Antes de machucar e abandonar (não exatamente nessa ordem, dependo do caso) quem estava a seu lado, a ponto de não conseguir - nem ao menos cogitar - pedir para voltar, pedir perdão, já tinha machucado e abandonado a si mesmo há tempos. Quando percebeu o desmoronamento, já estava com um pé preso numa coluna de metal pesado reforçada com desprezo e remorso, e conseguiu apenas se deixar ser engolido pela destruição
Apesar de destroçado, mantém firme seu orgulho, talvez o pouco de força que lhe reste é aplicada nisto, mostra que (ainda) é forte, que não sente falta, que não precisa de companhia, e talvez até convença outrem ainda com pouca intimidade que é autossuficiente e consegue se manter em pé e lúcido sozinho. No fundo de uma caverna que só ele conhece a entrada e permitiu até hoje o acesso de um número mínimo de pessoas, sabe-se que todo o esquema de um arranha-céu fundado autonomia e segurança é um holograma  para uma cabana de cobertores coberta por aflição e carência, vizinha de uma represa de lágrimas.
A cidade, a comida, a solidão, a companhia, o quarto, as ruas, os cigarros, o álcool lhe fazem mal, mas ainda assim insiste. Por mais que odeie tudo isso, no sentido de não suportar mais, sabe que sem isso tudo não é. Não existe. De qualquer jeito, se está bem em harmonia ou mal em melancolia, não existe - da maneira que gostaria de existir.
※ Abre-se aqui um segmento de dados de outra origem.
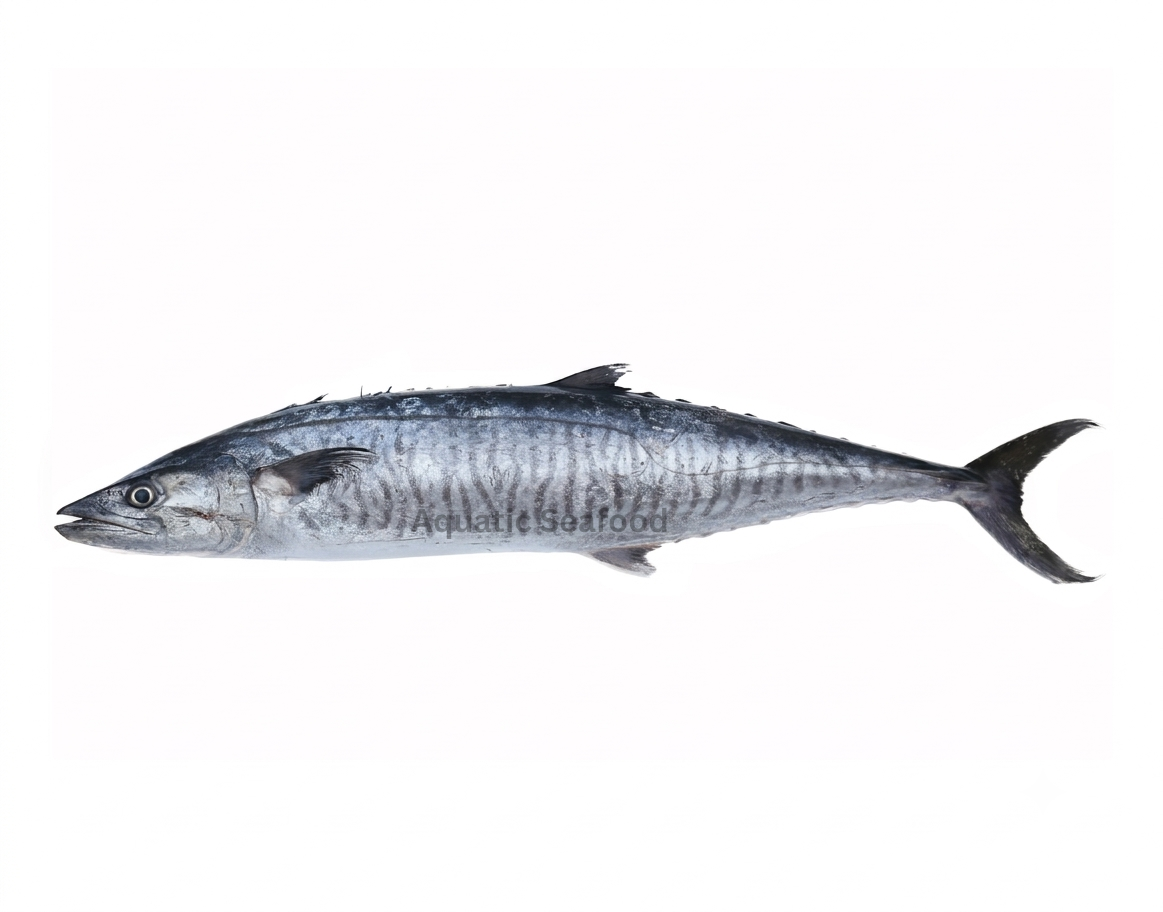 Kingfish ( Surmai )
Eis um paradoxo, não está satisfeito com o arranjo de sua existência, contudo desconhece uma forma, ou um caminho para tal, que poderia deixá-lo completo.
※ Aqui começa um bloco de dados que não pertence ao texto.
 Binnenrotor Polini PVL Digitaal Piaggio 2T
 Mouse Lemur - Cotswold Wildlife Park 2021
Não consegue engolir o que é, vomita, tenta novamente, os pedaços de sua essência que antes deslizavam suavemente pela garganta, como a mão de alguém que afaga o rosto do primeiro amor, passaram a agarrar a frágil carne e machucar todo e qualquer pedaço de sua mente, como os últimos dias de um romance arruinado.
Não se deve perder tempo para julgar a quem se atribui a culpa pelo desencadeamento da avalanche de estragos, pois várias pessoas seriam responsabilizadas por algo que fizeram, algumas até sem intenção de dolo. Memórias infelizes foram alocadas em algum canto do interior do ser em questão e incharam a ponto de causar uma explosão e muitas cicatrizes. O acumulador de mágoas desaprendeu a administrá-las, e, durante um porre possivelmente, deixou as gaiolas abertas dentro de seu peito e, com mãos trêmulas, sem controle, conseguiu apenas conviver com todas elas, deixando que o arranhassem e falassem por ele. Não culpava o passado nem o que as pessoas lhe fizeram ou disseram, a culpa era do conjunto que possibilitou tudo desandar de forma tão particular e desastrosa.
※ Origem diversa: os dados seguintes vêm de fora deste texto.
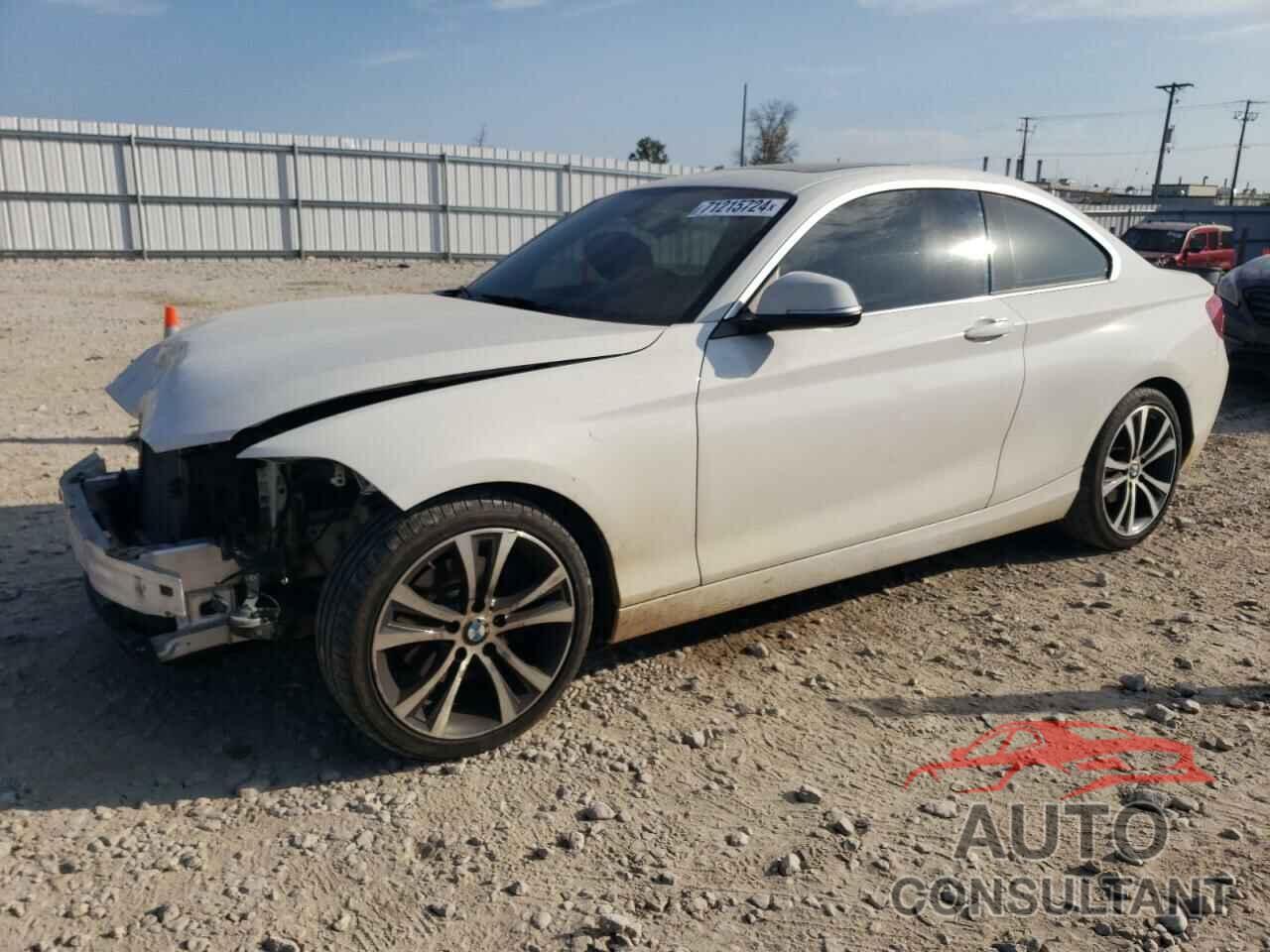 BMW 2 SERIES 2016 - WBA1G9C54GV598826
Pensava em portar um artigo de trinta e quatro páginas sobre como sua cabeça funcionava e consequentemente funcionavam seus comportamentos sociais ao se apresentar a alguém, fosse amizade ou amor em potencial, para que não se magoassem tão facilmente - quanto ele se magoava, às vezes, por nada - e entendessem que, se quiserem tal companhia, estariam entrando numa tempestade natural: descontrole e desespero.
Não espera compaixão de ninguém, nem ao menos que insistam em permanecer a seu lado por dó de uma essência tão desgraçada, deseja que fiquem porque sentem interesse por alguma de suas qualidades... Sim, tem algumas e acredita que são grandes… Não quer forçar ninguém a ficar e pensa em rasgar todo histórico vivido com a outra pessoa, caso julgar o distanciamento melhor que a dor de estar ao lado de alguém cada vez mais perdido. Não sabe se ainda é capaz de conviver em paz com quer que seja sem inesperadamente entrar em crise e desaparecer, mesmo que seja um desaparecimento apenas interno e não seja mais possível enxergar seu núcleo.
Por fim, chegou a um lugar em seu deserto onde não é capaz de fazer uma mensagem atingir qualquer resposta. A subliminaridade de seus gestos não tem mais o mesmo alcance, se é que tiveram alguma força anteriormente. A redoma de isolamento criada por ele mesmo torna delicado qualquer movimento de aproximação, que arrisca não só o distanciamento a se arruinar, como também todo o resto.